I wish they gave more information regarding the new observation methods. Guess I will have to find the time to search it out.

Posted by: Joshua on April 20, 2005 09:32 AM

Well it's very important to double check ourself. I mean we can bring light to a standstill in the lab and then speed it back up past light speed. I mean if we can make light go faster than the speed of light and slower than the speed of light what's the say that there aren't natural phenomenon out there doing the same thing. It would definitely mess with our math on certain things if the speed we knew was only true on Earth.

Posted by: ManDrake on April 21, 2005 07:41 AM

Well, the light experiments are interesting, but it's hard to prove that they actually did make light faster than light. From what I heard, the substance they put light through was actually a light-storage medium that had been already stocked to full capacity; the pulse of light that emerged from the other side was actually stored light released when the new light was introduced, not the original pulse travelling faster than light.
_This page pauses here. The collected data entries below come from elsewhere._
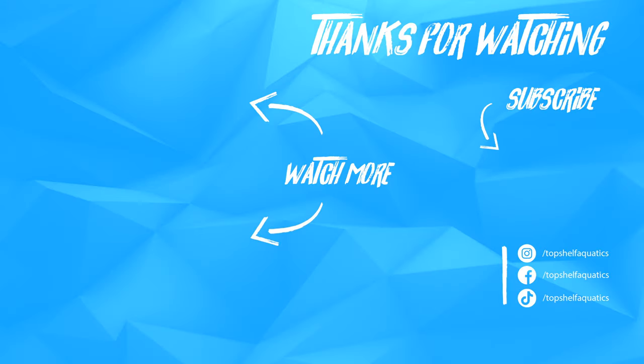If you enjoyed content like this, be sure to check out the rest of our Coral Care videos. And as always, be sure to like, comment, and subscribe. Follow us on Facebook and Instagram.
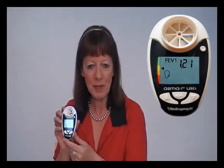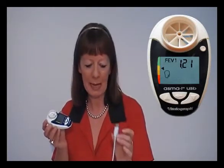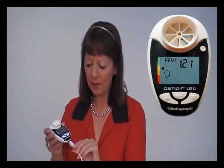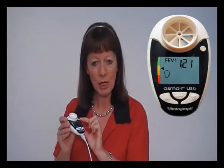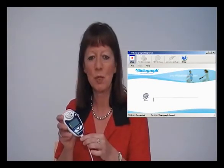If you have the USB version of the AsthmaOne, you will be able to download the data to your computer using the USB cable supplied with the product. You will also have VitalGraph reports software supplied and loaded onto your PC. Simply attach the cable to the USB port of your PC and the other end to the base of the AsthmaOne device. Using the circular button, switch the AsthmaOne on and look for the transmit icon. With this icon showing and VitalGraph reports software running on your PC, just press the enter button and the test results will automatically transmit.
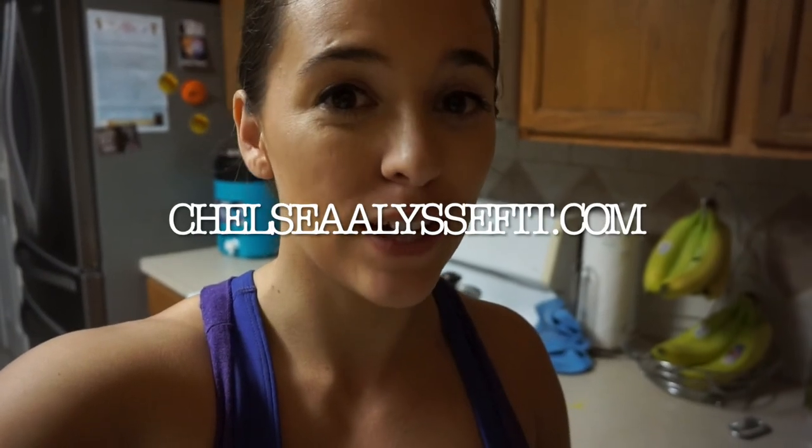I really hope you guys enjoyed this video. If you have any questions, comments, or concerns, leave a comment below and I'll help you out as much as I can. I also launched my new website — it's chelsealeastfit.com — let me know what you guys think about it. I hope you guys have a fabulous day! I just realized I probably talk really, really fast for a lot of people. Sorry, not sorry!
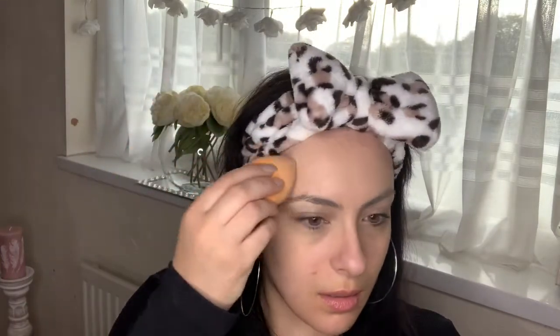Let's get started on the eyebrows. I like to use my L'Oreal True Match foundation to cancel out any blemishes in that area, and I tend to just fill in my brows this way. I prefer to do my eyebrows first, and then I go ahead and use my Benefit Precisely My Brow pencil to fill out and fill in my eyebrows.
Suppose you had a 500,000 mile long tube, wrapped around the earth so that both ends are within visible distance of each other, just large enough in diameter to hold a single line of ping-pong balls, and that it was already completely filled with just such a line of ping-pong balls (and lubricant that kept the combined friction of a billion or so ping-pong balls from preventing the balls from moving freely). Then you push a ping-pong ball into one end. Instantly, a ping-pong ball pops out the other end. Look, you made a ping-pong ball travel faster than the speed of light! Well, except you didn't.

Posted by: Tatterdemalian on April 21, 2005 10:09 AM

But how can a photon have mass. Einstien's theory tells us that mass cannot travel at the speed of light because the energy required to accelerate it would be converted into mass, thus increasing the amount of energy required and causing a feed-back loop.

If a photon has mass it cannot travel at the speed of light, which means light does not travel at light speed unless it is not composed of photons at all.

Posted by: Nishant on September 8, 2006 02:03 PM

How can a photon have mass. Einstien's theory tells us that mass cannot travel at the speed of light because the energy required to accelerate it would be converted into mass, thus increasing the amount of energy required and causing a feed-back loop.

If a photon has mass it cannot travel at the speed of light, which means light does not travel at light speed unless it is not composed of photons at all.

Posted by: Nishant on September 8, 2006 02:03 PM

As I understand it, photons do not in fact have mass. When I googled I found:

"No, photons do not have mass, but they do have momentum. The proper, general equation to use is E2 = m2c4 + p2c2 So in the case of a photon, m=0 so E = pc or p = E/c. On the other hand, for a particle with mass m at rest (i.e., p = 0), you get back the famous E = mc2.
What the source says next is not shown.